Harwich Town Administrator Christopher Clark; Michael Borg, Director of Property and Capital Improvement in Providence; and Arlington Town Manager Adam Chapdelaine were selected from a group of 26 applicants by the Town Manager Screening Committee. At the Town Council meeting on Dec. 23, Bernie Lynch, president of Community Paradigm Associates, outlined each candidate’s skills and background.
“We had a good number of qualified people that we looked at,” said Lynch. “It was a great job by the screening committee. They asked very pointed questions of the candidates.”
Clark has 30 years of experience with municipal government, including six years in Harwich, five as Southbridge Town Manager, and two as town administrator for Vernon, Conn.
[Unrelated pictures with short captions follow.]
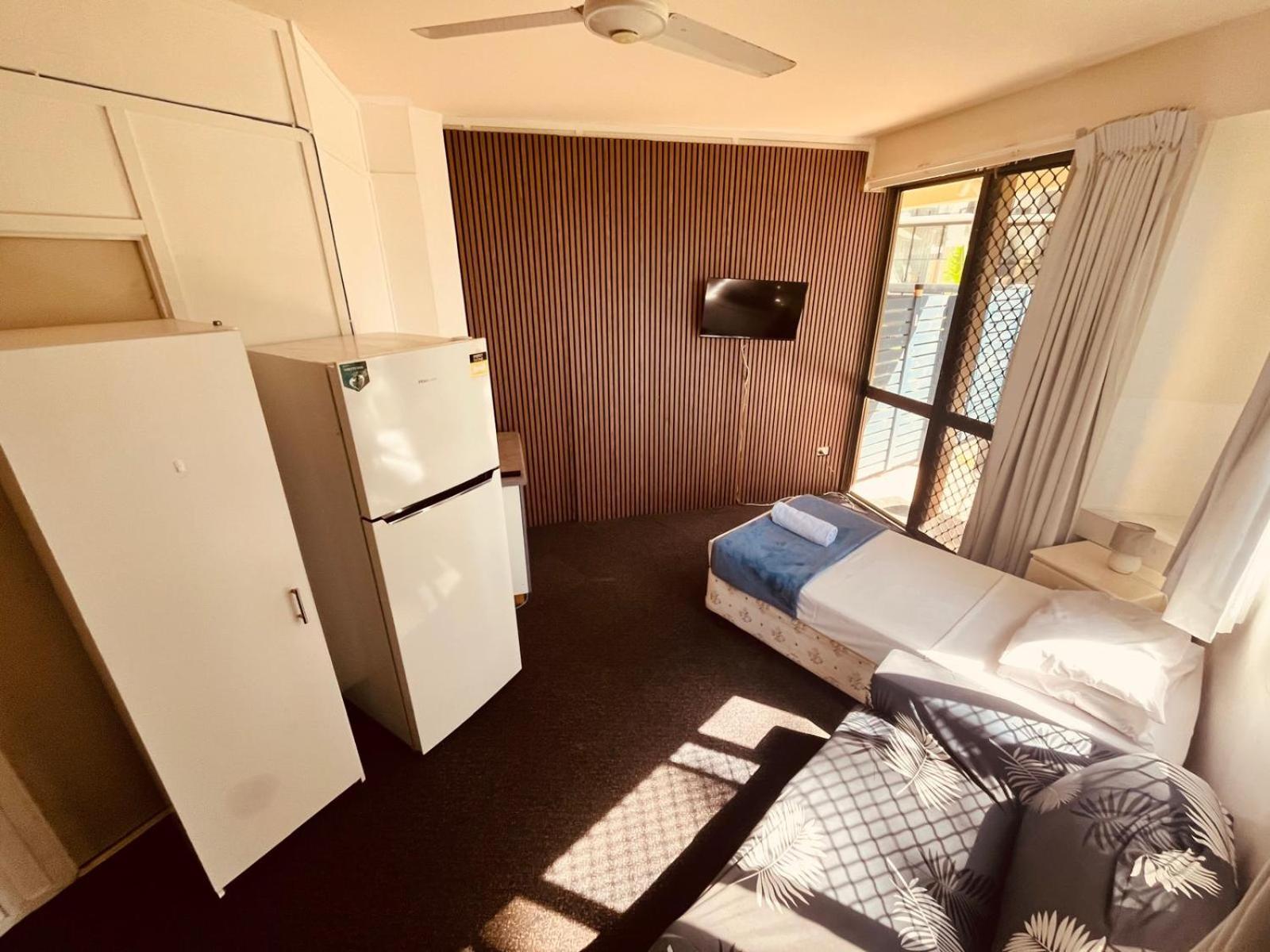 Erika'S Holiday Apartment ゴールドコースト エクステリア 写真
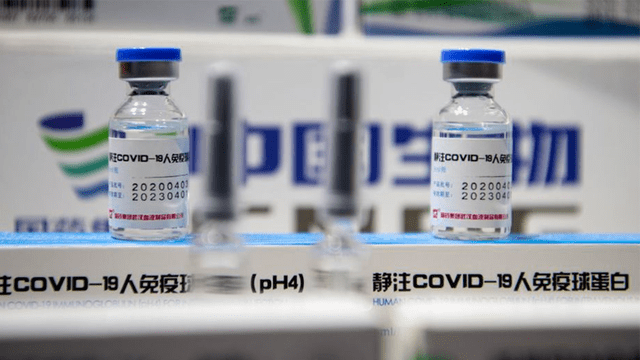 China exhibe por primera vez sus potenciales vacunas contra la COVID-19 en una feria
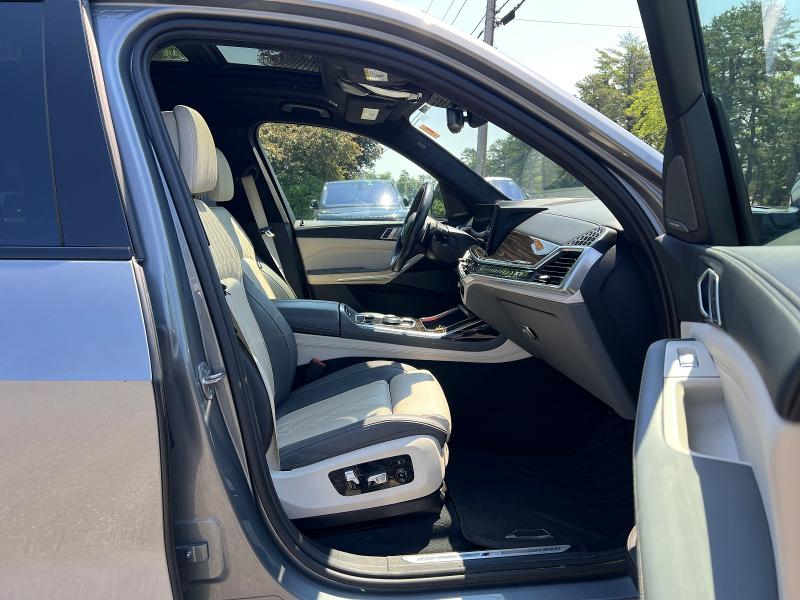 59316726 :رقم المزاد ، 5UX23EM00P9P15677 vin ، 2023 Bmw X7 مزاد بيع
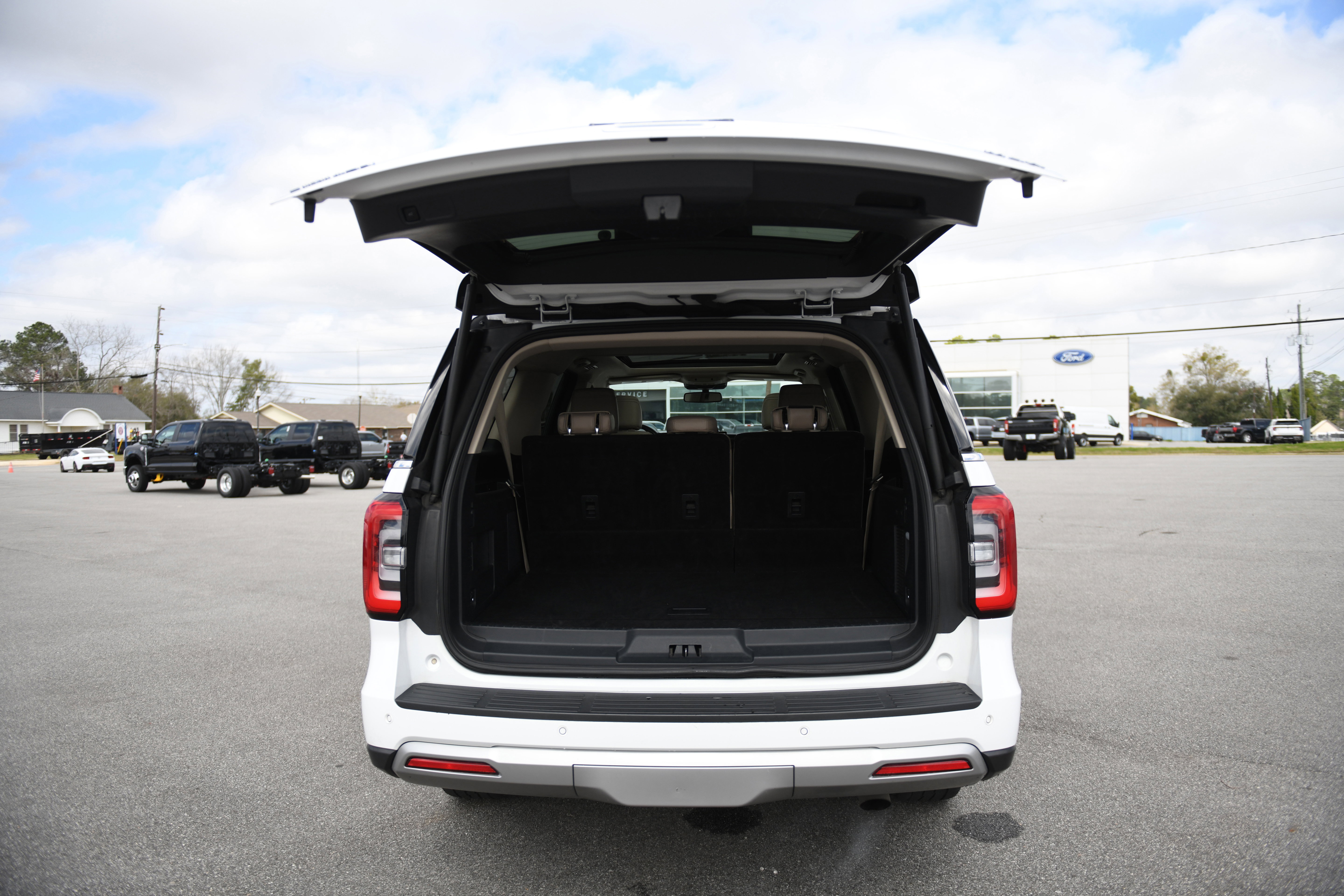 Used 2024 Ford Expedition Max Limited image 12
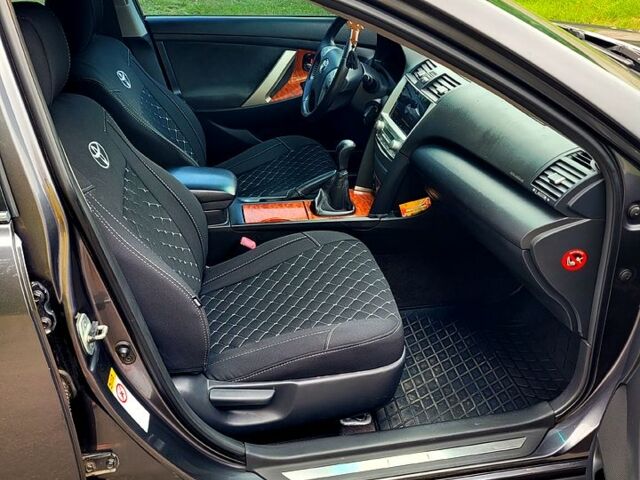 Серый Тойота Камри, объемом двигателя 2.4 л и пробегом 243 тыс. км за 9500 $, фото 9 на Automoto.ua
Among his accomplishments are completing a Town Master Plan and new middle/high school in Southbridge, a Comprehensive Wastewater Management Plan among several towns, and renovating three harbors in Harwich. During his time in Harwich, he managed to have power restored a day and a half after a tornado tore through the town.
“His references were very strong in terms of accomplishments in the community,” said Lynch.
As a colonel in the U.S. Army, Borg has a range of command experience, from a 500-soldier battalion to a 3,000-member brigade. In his resume he stated that he “brought every soldier home to their families.” Following this, he went to work for the city of Providence, R.I., as the director of emergency management in 2015 and moving to different positions over the years. While there, he improved workflow at the Department of Public Works, addressed road issues, and improved recycling numbers.
“He made a plan to improve it [the recycling],” said Lynch. “He had to deal with citizen engagement.”
Chapdelaine—considered a “rock star in municipal management,” according to one reference—has worked in Arlington for years, the last eight as town manager. He has also been town administrator in Fall River and deputy chief of staff for the Office of the Majority Whip in the Massachusetts Senate. In references, he is described as one who deals well with pressure, excels at citizen relations, and consults with team members before reaching a decision.
“He’s a leader in municipal government,” said Lynch. “They’re all a little bit different. The committee believed they’d all in the prime of their career.”
On Jan. 6, the finalists will meet with the entire council for an interview. The next day, the council will divide into three groups for meetings with each candidate. After this, the council will meet to discuss their choices for the next town manager. The council members agreed that this was the correct approach, as it gave an in-depth look at each candidate.
“Meeting in small groups is wonderful,” said Councilor Jo Ann Cathcart. “I didn’t like that we had the one round of meetings and that’s it. We’re picking the first town manager that North Attleborough has ever had.”